-- ABOUT THIS EXERCISE --
Output a verbatim copy of the data, cut off after the line that contains "DX Chogokin Armored".

____ SOURCE INFORMATION

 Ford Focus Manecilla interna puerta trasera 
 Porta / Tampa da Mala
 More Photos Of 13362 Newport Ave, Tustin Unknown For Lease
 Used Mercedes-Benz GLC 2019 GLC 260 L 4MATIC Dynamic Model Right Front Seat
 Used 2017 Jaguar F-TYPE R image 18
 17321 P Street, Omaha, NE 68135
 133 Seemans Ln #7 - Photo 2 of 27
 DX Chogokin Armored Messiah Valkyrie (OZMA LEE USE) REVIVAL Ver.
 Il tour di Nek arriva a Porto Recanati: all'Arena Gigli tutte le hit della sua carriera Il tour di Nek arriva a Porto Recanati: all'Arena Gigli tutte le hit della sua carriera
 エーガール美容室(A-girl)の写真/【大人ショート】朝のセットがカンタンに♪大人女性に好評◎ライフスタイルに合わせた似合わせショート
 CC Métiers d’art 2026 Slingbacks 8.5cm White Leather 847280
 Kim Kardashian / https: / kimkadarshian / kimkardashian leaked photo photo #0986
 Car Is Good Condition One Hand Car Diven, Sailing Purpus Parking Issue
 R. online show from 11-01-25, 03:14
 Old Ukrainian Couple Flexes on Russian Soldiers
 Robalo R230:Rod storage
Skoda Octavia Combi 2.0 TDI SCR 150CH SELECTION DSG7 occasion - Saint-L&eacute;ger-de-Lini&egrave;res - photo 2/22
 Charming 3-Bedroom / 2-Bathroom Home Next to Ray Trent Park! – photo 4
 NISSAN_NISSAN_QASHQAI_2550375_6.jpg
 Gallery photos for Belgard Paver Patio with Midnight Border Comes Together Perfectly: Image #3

________

-- YOUR RESPONSE --
 Ford Focus Manecilla interna puerta trasera 
 Porta / Tampa da Mala
 More Photos Of 13362 Newport Ave, Tustin Unknown For Lease
 Used Mercedes-Benz GLC 2019 GLC 260 L 4MATIC Dynamic Model Right Front Seat
 Used 2017 Jaguar F-TYPE R image 18
 17321 P Street, Omaha, NE 68135
 133 Seemans Ln #7 - Photo 2 of 27
 DX Chogokin Armored Messiah Valkyrie (OZMA LEE USE) REVIVAL Ver.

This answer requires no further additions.